Text: Franco Bavoni
Photography: Franco Argüelles
Tappi, September 11, 2015
A day with no major incidents.
The biggest surprise was breakfast, in fact. For some reason we were served boiled eggs with sausage. No one had asked for it, but I imagine the chef wanted to make us feel good. I never imagined that I would actually miss my Japanese breakfast. Yet we all agree that we now prefer fish, rice and soup. Fortunately, William was able to tell the staff that we do not want changes to our diet.
The wind is still blowing hard: 26 knots on average, with gusts up to 38 knots. Fortunately the 15th and 16th look good, according to the forecast.
Still, we decided to go to our beach to swim for 90 minutes. This is an area relatively sheltered from the wind. It is our fourth visit; Nora and I already have the route plotted out. The way out of the protected area is complicated, with many rocks and shallows. Once outside the barrier it is easier to swim. There are still quite a few rocks, but now we know where we’re going. Today we were plagued by wind and waves, but enjoyed greater marine life. We came across many fish and even a small stingray.
Before going swimming, Nora and I had to assume medical responsibilities in the absence of our team physician, Dr. Ariadna del Villar.
Ariadna has traveled with us the to all swims of my Triple Crown, as well as many of my workouts. In addition to providing me with medical care, she gives me follow-up blood work. As she had just given birth to her first child three and a half months ago, she was unable to join us. We had been more than willing to bring the two of them, but it would have been too much for them.
The first day that we swam we were stung by small jellyfish. It hurt me a little at the time, but I had no reaction afterwards. Nora was not as lucky; she had strong reaction that prevented her from sleeping at night. I had to prescribe her an antihistamine from the medicine box we brought. I really felt Ari’s absence…
Nora, in return, attached my shoulder harness to lower my pain. Before leaving Mexico she took classes with Radamés, who had been treating the shoulder there. She even he brought his notes and photographs. After a painful learning curve and a number of adjustments, my shoulder was ready to face the waves.

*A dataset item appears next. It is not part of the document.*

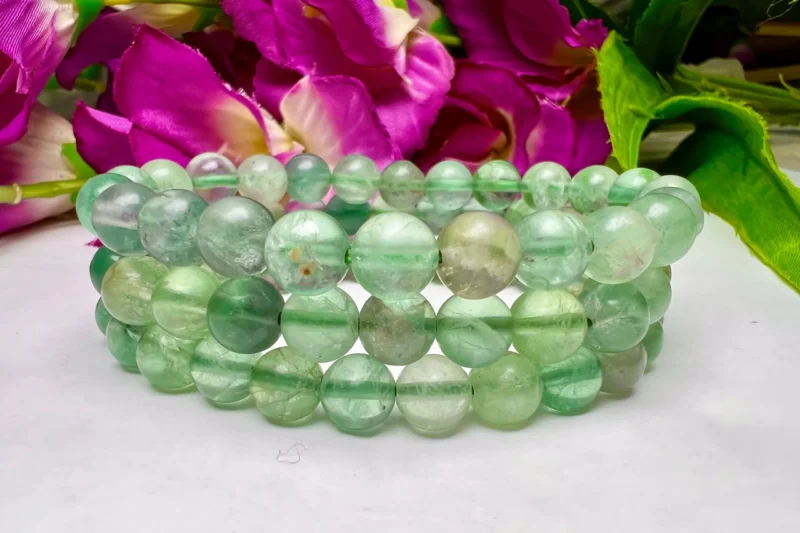 Green Flourite Stone Round Beaded Bracelet 6 MM 8 MM 10 MM Stretch Bracelet - Image 5
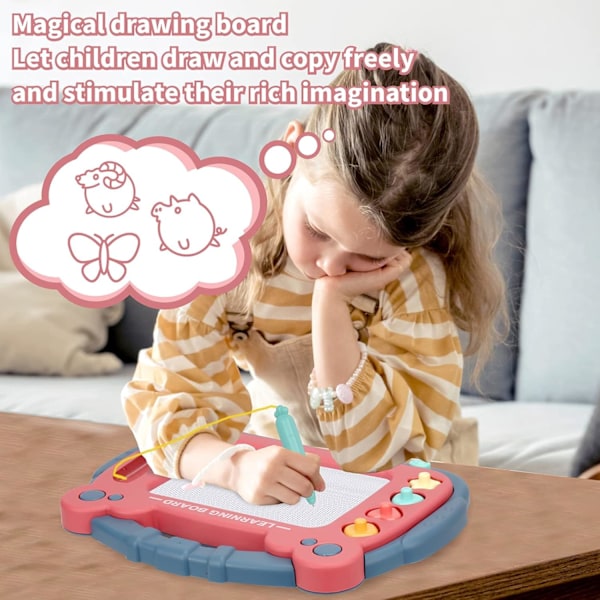 Magnetisk Tegnebræt til Småbørn 1-3 År, Farve-Sletbar Doodle Skriveplade, Læringsmaleri Skitseplade, Bedste Fødselsdag Påske Jul (Blå)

It was well worth the 30 minutes it took us.
When we finished, we decided to check out a restaurant in the train station, 22 km away. This was our big day trip, and we were looking forward to trying the grilled meat that had been recommended by Daniel and his team.
No luck with the meat. They didn’t have half the dishes on the menu and we had to settle for substitutes. All dishes were rich, but, inevitably, were served on a base of rice.

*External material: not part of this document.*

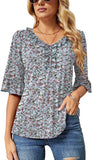 Light Blue Floral Print Casual V Neck T Shirts Loose Summer Tops Ruffle - Ivicoer | Women's Tops and Blouses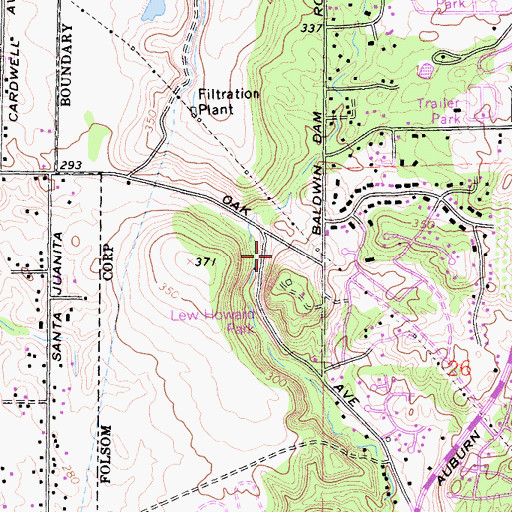 Topographic Map of Folsom City Fire Department Station 36, CA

The restaurant is part of a gift shop for travelers, offering everything from from seafood to fruit, olive oil, toys and sake. Among my purposes for the trip—albeit quite a secondary one—was to learn to drink sake. I want to distinguish between all the different types and be able to order with some knowledge in a restaurant.
As the saying goes, trips broaden your horizons. Me, I’m broadening my own.